TASK INSTRUCTIONS >> Find "Palestina. Ocupación israelí" below and begin at its line; stop after the line with "Piknik wśród Róż 2019". Output those lines exactly, without pictures.

PROVIDED RECORDS >>
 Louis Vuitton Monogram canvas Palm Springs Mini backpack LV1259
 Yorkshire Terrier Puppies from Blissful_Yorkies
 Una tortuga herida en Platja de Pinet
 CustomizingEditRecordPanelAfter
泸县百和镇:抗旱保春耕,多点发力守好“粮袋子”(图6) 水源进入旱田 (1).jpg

...

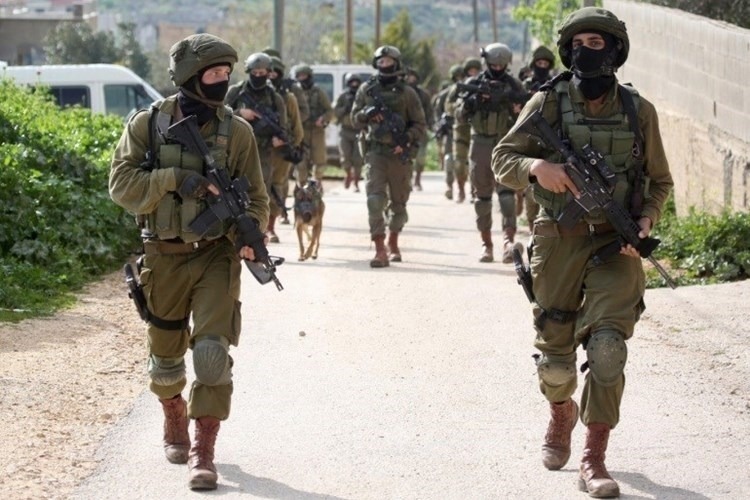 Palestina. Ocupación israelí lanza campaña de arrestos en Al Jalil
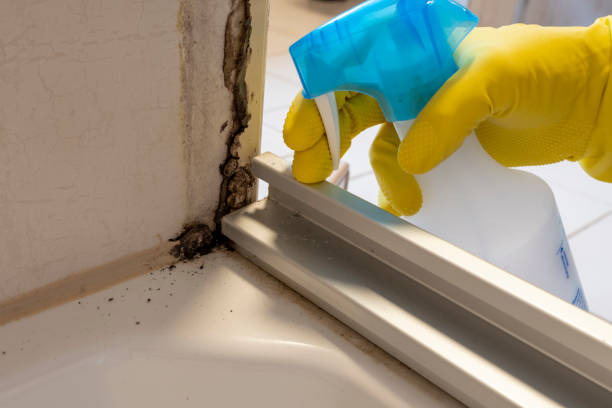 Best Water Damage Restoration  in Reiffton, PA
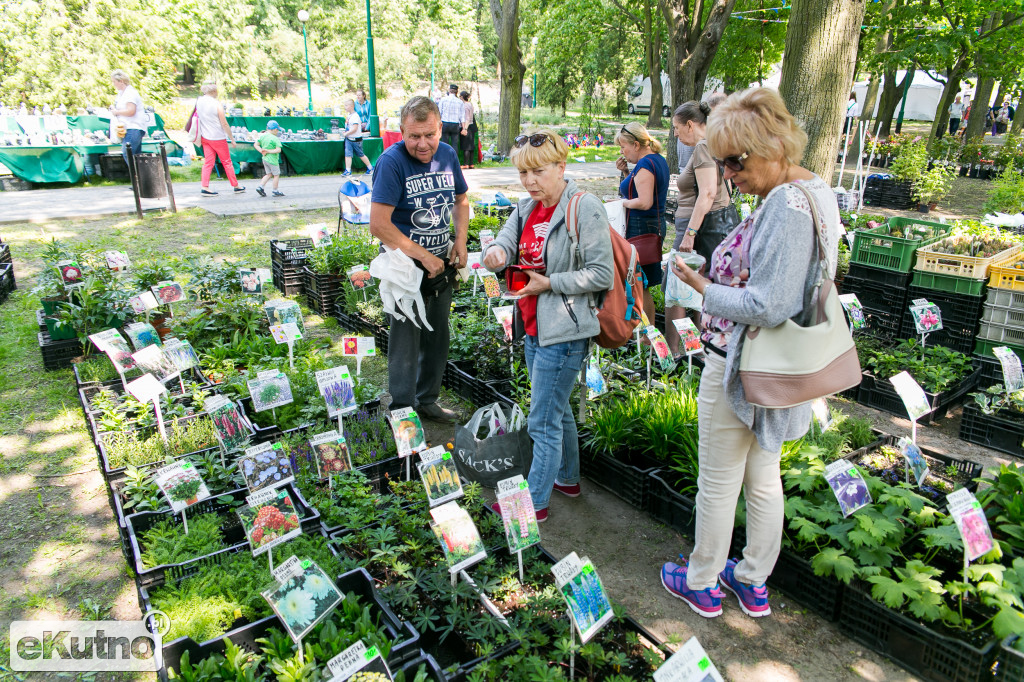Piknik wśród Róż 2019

--

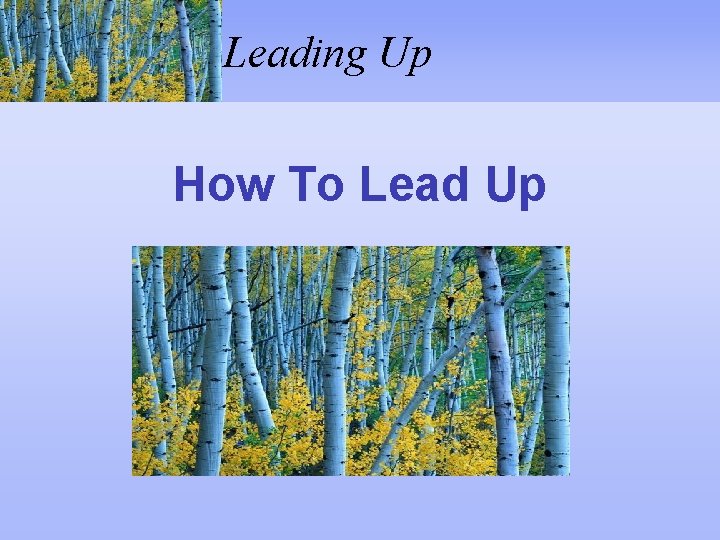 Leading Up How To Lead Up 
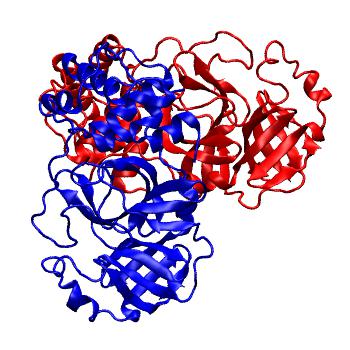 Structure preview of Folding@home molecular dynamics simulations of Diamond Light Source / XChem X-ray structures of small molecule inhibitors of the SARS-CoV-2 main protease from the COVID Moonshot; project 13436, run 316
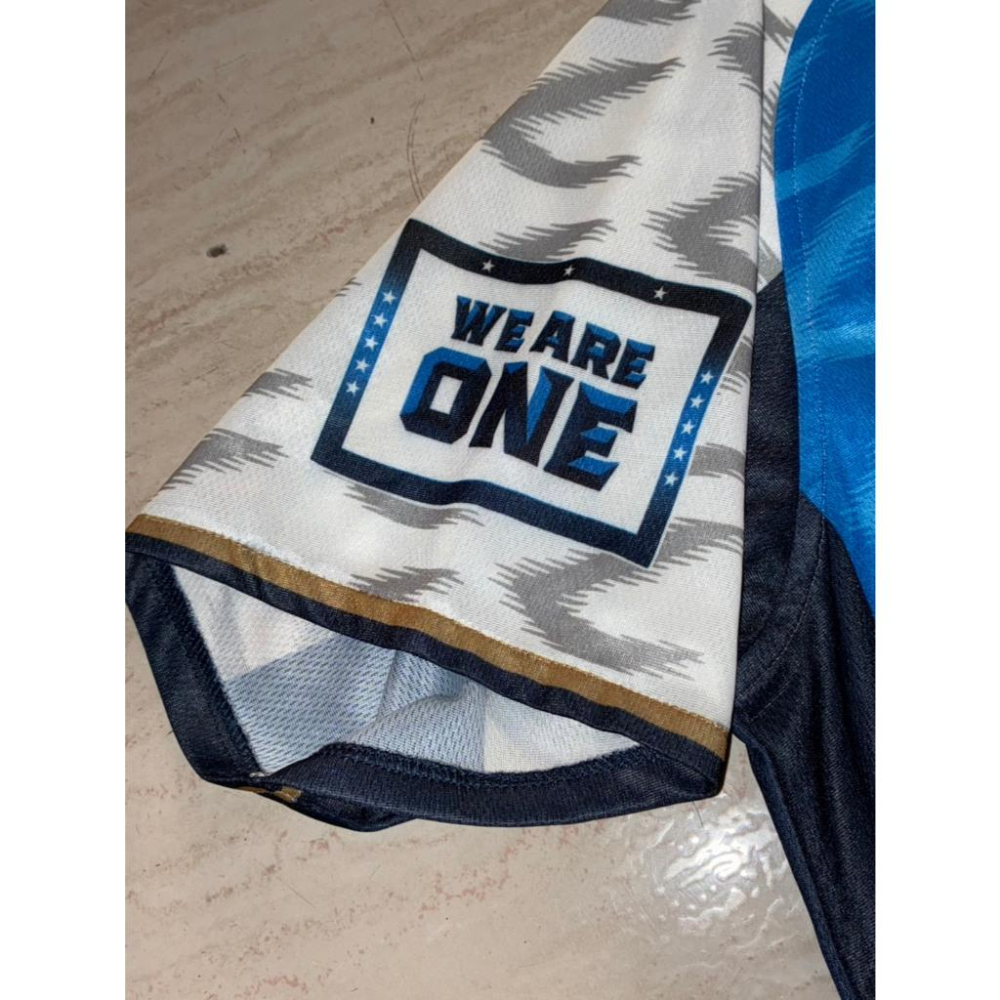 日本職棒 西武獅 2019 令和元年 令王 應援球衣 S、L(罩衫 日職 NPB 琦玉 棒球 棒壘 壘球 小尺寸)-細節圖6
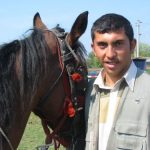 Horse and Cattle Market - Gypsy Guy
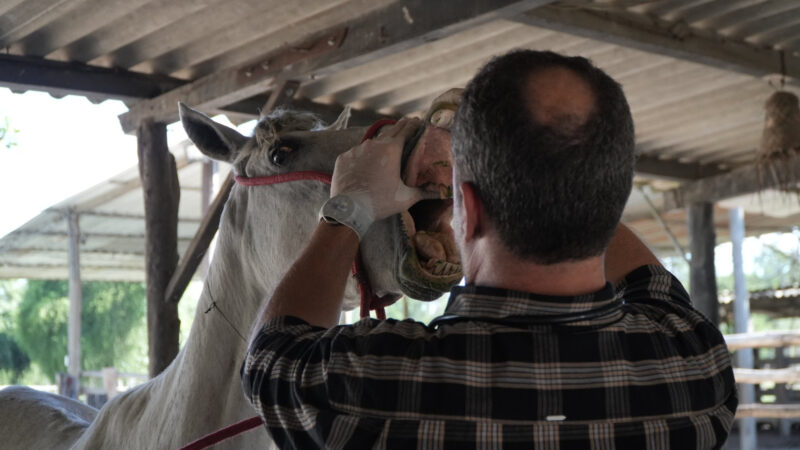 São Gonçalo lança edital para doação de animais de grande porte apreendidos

REPLY >>
 Palestina. Ocupación israelí lanza campaña de arrestos en Al Jalil
 Best Water Damage Restoration  in Reiffton, PA
Piknik wśród Róż 2019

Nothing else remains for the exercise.